第9話 二回目の診察
夜に診察と言われても、そういう特別な感じに甘えたくなかった。旨い具合に午後からの診察に行く時間が出来たので、僕はクリニックに向かった。もちろんちゃんと予約して。
「仕事終わり? スーツも似合うね」
なんて軽口を言われ、戸惑いながらもいつものソファーに腰かけた。脈を取るというので上着を横に畳んでおく。
「あれからどうかな。変わらない?」
先生は今日も白衣を着ていない。デスクの横にあるハンガーラックにかけたままだ。ブルーシャツに同系色のネクタイ、ベージュのボトムス。普通なんだけど、脚が長いからかすごくオシャレに見える。
脈を取られているのが嫌だ。心臓がどきどきしてないか気になった。
「はい。相変わらずです」
「まあ、そんなにすぐ眠れるようになるなら苦労はしないよな」
確かに……。それなら睡眠薬の一つも飲めば眠れるだろう。僕を眠らせるのは相当強力な薬が必要だよ。そんな薬に頼るようになるのはもっと怖い。
「あの、例のやつやりますか?」
例のやつ。あの、揺れるコインだ。天宮先生は、ん? といった表情、片方の口角だけひょいと上げた。
「やりたい? そうだね。でも少し待って。その前にもう少し話をしよう」
先生はそう言うと、看護師さんに頼んで紅茶を運ばせた。珈琲や紅茶はカフェインが入ってるから、ずっと飲んでないんだけど。
「デカフェ(ノンカフェ)だから心配ないよ。香りがいいだろう?」
「ああ、はい。それなら……」
確かに鼻に抜ける香りは花、バラかな? 甘くてホッとする。久しぶりに飲むからか、すごく美味しく感じた。

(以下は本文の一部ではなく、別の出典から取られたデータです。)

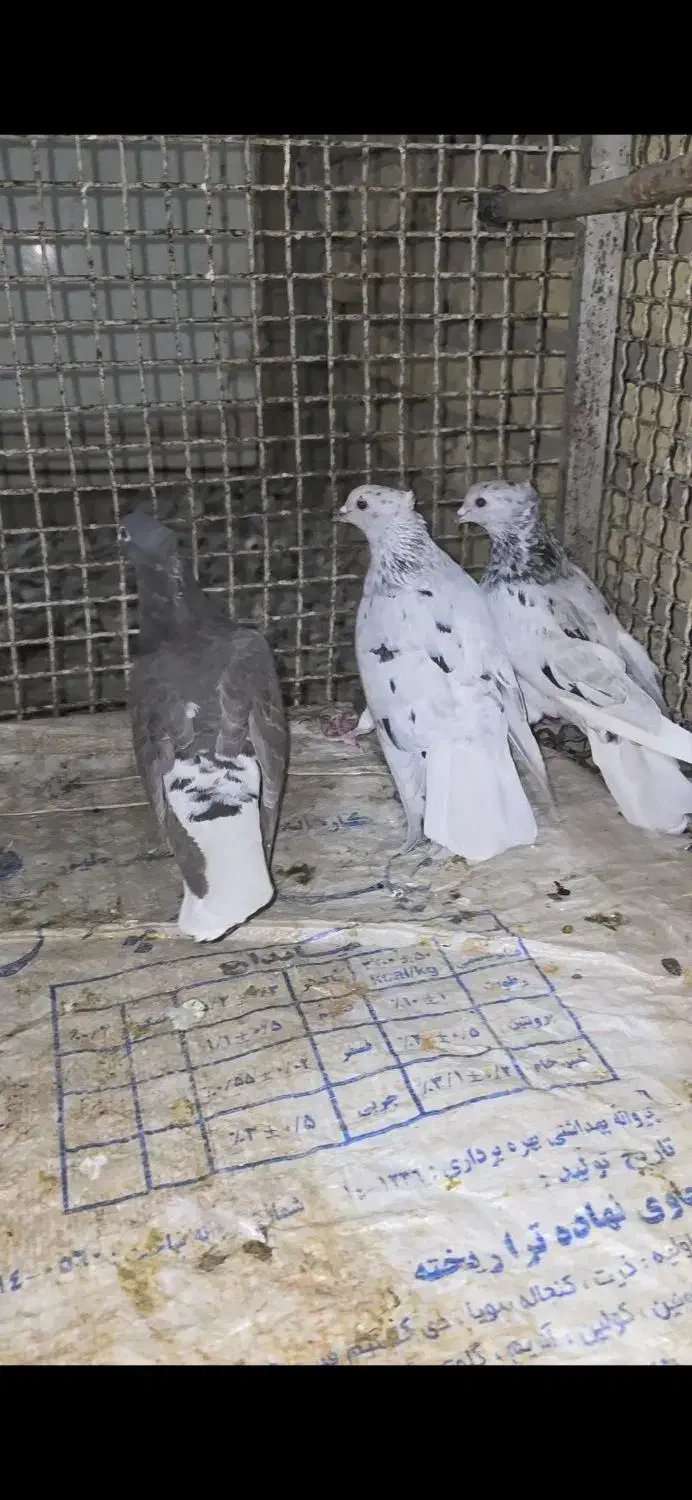 سه تا ماده دم سفید بندی جوون|پرنده|صدرا-فارس, فاز ۱|دیوار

「そう言えば、今度実家に帰るんです。一泊か二泊ですけど」
リラックスしたからか、聞かれもしないのに、僕は話し始めた。先生はなにか質問したかったかもしれなかったけど、相談しようと決めていたことを、すぐにも話したくなった。
「ほお、久しぶりで?」
「会社に入る前ですから、まあ、半年ぶりかな。連休やお盆も帰らなかったので」
いつでも帰れる距離なので、逆に帰ろうとしなかった。あの頃はまだ、休み中には眠れていたからもある。ひたすら眠っていたのを覚えている。
「連休でもないのに、なにか理由があるの?」
「ああ、はい、それが……叔父が、結婚するっていうので」
なんだか親し気に話してる自分に驚いている。気を許したわけではないけど、脈を取られてる気恥ずかしさを誤魔化したいんだろうか。
「叔父様。結婚ということは、お若い方かな?」
「ええ。昔から知ってますけど、全然変わらない。一回りは上なんですけどね」
つらつらと舌が回る。お茶の香りでリラックスしたんだろうか。
――――なんか変だ。ふわふわしてる。
先生の切れ長の目が僕を見てる。見てるというか、観察してる。縁なし眼鏡の向こう側、よく見ると、まつ毛が長いな。
「大丈夫? 光君」
ひかる君? そういえば、どうして先生は僕のことを綾瀬と呼ばないんだろう。こういう病院だから、親しみを込めて下の名前で呼ぶのかな。前回も、なんとなく違和感を覚えてたんだ。
「どうして……」
「ん?」
「どうして……下の名前で?」
僕の記憶はそこで途絶えた。ふわりと視界が揺れる。覗き込む天宮先生の表情が、笑ったような気がした。